I've got the following query now, but I don't know how to join based on the value of a field in a record, or if that's even possible.
SELECT
*
FROM
item
WHERE MATCH
(description
AGAINST
('searchKey')
One way to do this is is to do multiple queries for each matching "item" record, but if I had a lot of results that would be a lot of queries and would also slow down any filtering I'd want to do for facet-based searching. Another option is to make a new table that contains all the parent item info for each item record and search through that, but then I'd have to constantly update that table if I add item records, which is redundant and quite some work.
I'd like to hear it if I'm thinking in the right direction, or if I'm totally misguided. Any suggestions welcome.
As a general rule of thumb your database structure should contain data, but should not itself be data. A sign that you're breaking this is when you feel that you have to join to a different table based on the data you're reading from some other table. At that point you need to back up and consider your overall data model because odds are very good that you're doing something not quite right.

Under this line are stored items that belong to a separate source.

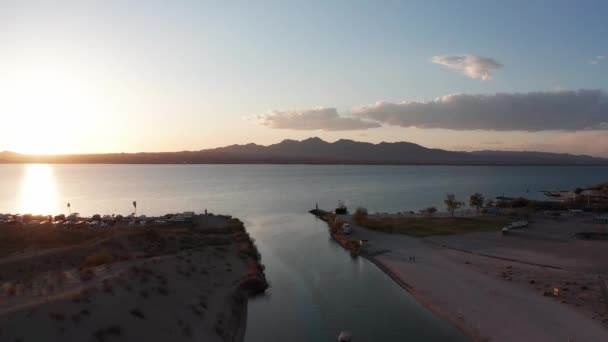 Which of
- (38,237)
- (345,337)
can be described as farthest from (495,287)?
(38,237)

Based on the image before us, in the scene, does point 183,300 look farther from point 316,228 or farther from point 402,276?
point 316,228

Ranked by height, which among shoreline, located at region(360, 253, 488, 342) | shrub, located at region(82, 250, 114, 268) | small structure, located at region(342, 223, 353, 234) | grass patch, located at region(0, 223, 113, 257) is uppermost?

You could join against a subquery containing the union of all parent types:
select *
from item
left join (
select 'meat' as type, Redness, '' as Ripeness from meat
union all
select 'fruit' as type, -1 as Redness, Ripeness from fruit
union all
select 'vegetable' as type, -1 as Redness, Ripeness from vegetable
) parent on parent.type = item.parentType
But if you can, redesign the database. Instead of the complex model, change it to one table of Items and one table of Categories. The categories should contain one row for meat, one for fruit, and one for vegetables.

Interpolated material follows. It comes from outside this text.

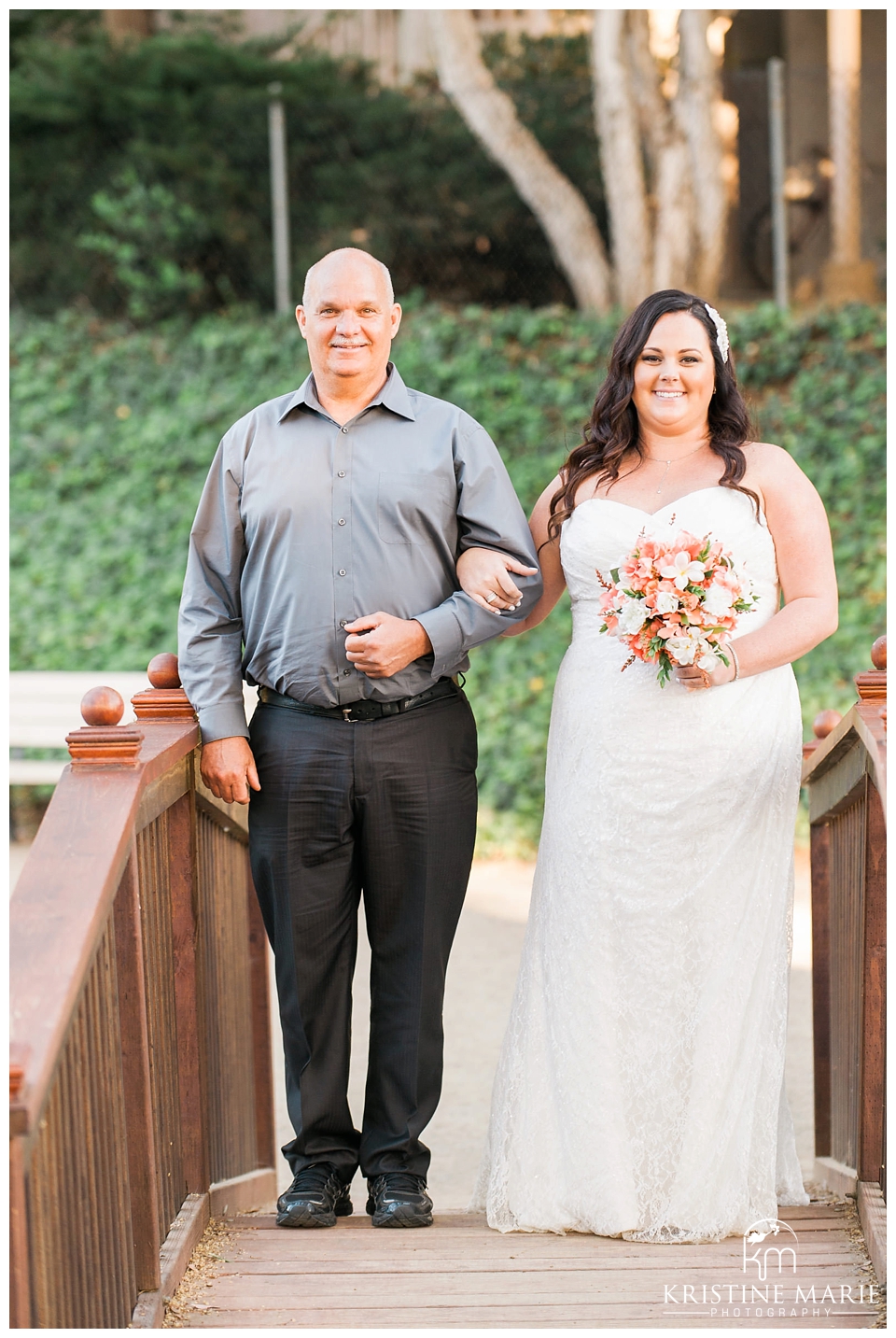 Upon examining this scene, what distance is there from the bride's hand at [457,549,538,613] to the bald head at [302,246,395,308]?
2.01 feet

Since your example is contrived, it's difficult to know what the actual information requirements are in your case. Damir's diagram shows you the correct way to model PKs and FKs when you have a super-type sub-type relationships.

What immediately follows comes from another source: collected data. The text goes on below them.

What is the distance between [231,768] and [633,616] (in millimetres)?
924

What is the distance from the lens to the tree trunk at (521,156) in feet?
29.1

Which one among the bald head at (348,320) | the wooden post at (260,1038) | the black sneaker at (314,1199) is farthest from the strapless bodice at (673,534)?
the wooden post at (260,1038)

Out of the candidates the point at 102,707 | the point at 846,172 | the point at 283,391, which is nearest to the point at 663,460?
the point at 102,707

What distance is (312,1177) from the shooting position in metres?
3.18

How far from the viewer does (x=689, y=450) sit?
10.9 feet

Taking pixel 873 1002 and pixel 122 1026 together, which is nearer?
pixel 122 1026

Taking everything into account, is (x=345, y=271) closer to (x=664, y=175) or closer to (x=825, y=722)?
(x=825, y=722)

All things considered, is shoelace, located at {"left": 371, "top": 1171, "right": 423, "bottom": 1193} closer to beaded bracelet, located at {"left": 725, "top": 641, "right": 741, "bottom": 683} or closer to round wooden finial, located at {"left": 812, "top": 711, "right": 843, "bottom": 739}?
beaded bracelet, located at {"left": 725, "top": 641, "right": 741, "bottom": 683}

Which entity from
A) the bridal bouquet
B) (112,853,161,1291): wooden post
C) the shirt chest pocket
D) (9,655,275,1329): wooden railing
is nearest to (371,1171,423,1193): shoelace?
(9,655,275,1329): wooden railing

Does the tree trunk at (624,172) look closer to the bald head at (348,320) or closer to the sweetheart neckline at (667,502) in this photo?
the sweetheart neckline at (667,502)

This situation is one case of a pattern called "generalization-specialization". Almost any treatment of object modeling will deal with generalization-specialization, although it may use different terminology. However, if you want to find articles that help you build a relational database that uses specialization-generalization, search for "generalization specialization relational modeling".
The best of the articles will start by teaching you the same concept that Damir's response illustrated for you. From there, you will learn how to create queries and views that can search for either all kinds of items, or for particular kinds of items, if you know what you are searching for.
A sample view follows:
create view FruitItems as
select
c.ConsumerGoodsID,
Price,
Description,
ConsumerGoodType,
ExpiryDate,
FoodType,
IsTropic
from
ConsumerGoods c
INNER JOIN Food f on f.ConsumerGoodsID = c.ConsumerGoodsID
INNER JOIN Fruit fr on fr.ConsumerGoodsID = c.ConsumerGoodsID
Similarly, you could create views for VegetableItems, MeatItems, and HouseSupplyItems, and even one large view, namely Items, that's the union of each of the specialized views.
In the Items view IsTropic would be true for all tropical fruits, false for all non tropical fruits, and null for Meats, Vegetables, and HouseSupplies. I'm not going to show you the entire Item view for a contrived case, but you get the idea. Especially if you read the best of the articles on relational modeling of this pattern.
The Items view might be a little slow, but it could come in handy when you really don't know any better way to search. And if you search for Istropic = True, you'll automatically exclude all the Meats, Vegetables, and HouseSupplies.
As #Andomar suggested, the design is a bit off; having "multiple parent tables" does not map to DB foreign keys concept. Here is one possible suggestion. This one uses two levels of super-type/subtype relationships. Super-type table contains columns specific to all subtypes (categories), while subtype tables contain columns specific only to the category.